You are viewing a plain text version of this content. The canonical link for it is here.
Posted to solr-user@lucene.apache.org by Darx Oman <da...@gmail.com> on 2011/04/11 08:20:13 UTC

Indexing Best Practice

Hi guys

I'm wondering how to best configure solr to fulfills my requirements.

I'm indexing data from 2 data sources:
1- Database
2- PDF files (password encrypted)

Every file has related information stored in the database.  Both the file
content and the related database fields must be indexed as one document in
solr.  Among the DB data is *per-user* permissions for every document.

The file contents nearly never change, on the other hand, the DB data and
especially the permissions change very frequently which require me to
re-index everything for every modified document.

My problem is in process of decrypting the PDF files before re-indexing them
which takes too much time for a large number of documents, it could span to
days in full re-indexing.

What I'm trying to accomplish is eliminating the need to re-index the PDF
content if not changed even if the DB data changed.  I know this is not
possible in solr, because solr doesn't update documents.
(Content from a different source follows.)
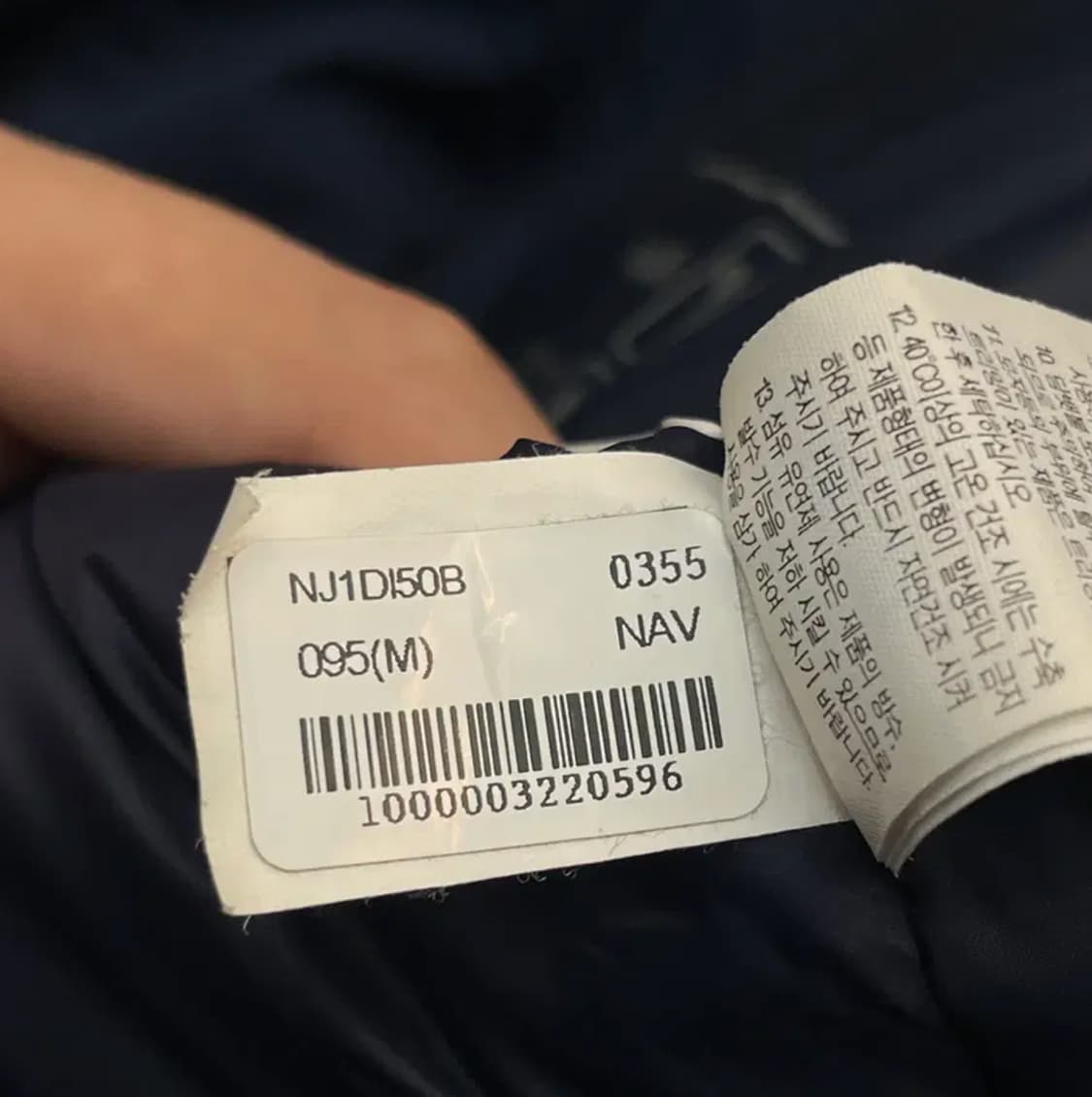 노스페이스 익스플로링 다운 자켓 패딩 (95) 상품이미지6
So how to best accomplish this:

Can I use 2 indexes one for PDF contents and the other for DB data and have
a common id field for both as a link between them, *and results are treated
as one Document*?

Re: Indexing Best Practice

Posted by Darx Oman <da...@gmail.com>.
Hi Lance

thanx for your reply, but I have a question
is this patch committed to trunk?

Re: Indexing Best Practice

Posted by Lance Norskog <go...@gmail.com>.
SOLR-1499 is a plug-in for the DIH that uses Solr as a DataSource.
This means that you can read the database and PDFs separately. You
could index all of the PDF content in one DIH script. Then, when
there's a database update, you have a separate DIH scripts that reads
the old row from Solr, and pulls the stripped text from the PDF, and
then re-indexes the whole thing. This would cut out the need to
reparse the PDF.

Lance

On Mon, Apr 11, 2011 at 8:48 AM, Shaun Campbell
<ca...@gmail.com> wrote:
> If it's of any help I've split the processing of PDF files from the
> indexing. I put the PDF content into a text file (but I guess you could load
> it into a database) and use that as part of the indexing.  My processing of
> the PDF files also compares timestamps on the document and the text file so
> that I'm only processing documents that have changed.
>
> I am a newbie so perhaps there's more sophisticated approaches.
>
> Hope that helps.
> Shaun
>
> On 11 April 2011 07:20, Darx Oman <da...@gmail.com> wrote:
>
>> Hi guys
>>
>> I'm wondering how to best configure solr to fulfills my requirements.
>>
>> I'm indexing data from 2 data sources:
>> 1- Database
>> 2- PDF files (password encrypted)
>>
>> Every file has related information stored in the database.  Both the file
>> content and the related database fields must be indexed as one document in
>> solr.  Among the DB data is *per-user* permissions for every document.
>>
>> The file contents nearly never change, on the other hand, the DB data and
>> especially the permissions change very frequently which require me to
>> re-index everything for every modified document.
>>
>> My problem is in process of decrypting the PDF files before re-indexing
>> them
>> which takes too much time for a large number of documents, it could span to
>> days in full re-indexing.
>>
>> What I'm trying to accomplish is eliminating the need to re-index the PDF
>> content if not changed even if the DB data changed.  I know this is not
>> possible in solr, because solr doesn't update documents.
>>
>> So how to best accomplish this:
>>
>> Can I use 2 indexes one for PDF contents and the other for DB data and have
>> a common id field for both as a link between them, *and results are treated
>> as one Document*?
>>
>



-- 
Lance Norskog
goksron@gmail.com

Re: Indexing Best Practice

Posted by Shaun Campbell <ca...@gmail.com>.
If it's of any help I've split the processing of PDF files from the
indexing. I put the PDF content into a text file (but I guess you could load
it into a database) and use that as part of the indexing.  My processing of
the PDF files also compares timestamps on the document and the text file so
that I'm only processing documents that have changed.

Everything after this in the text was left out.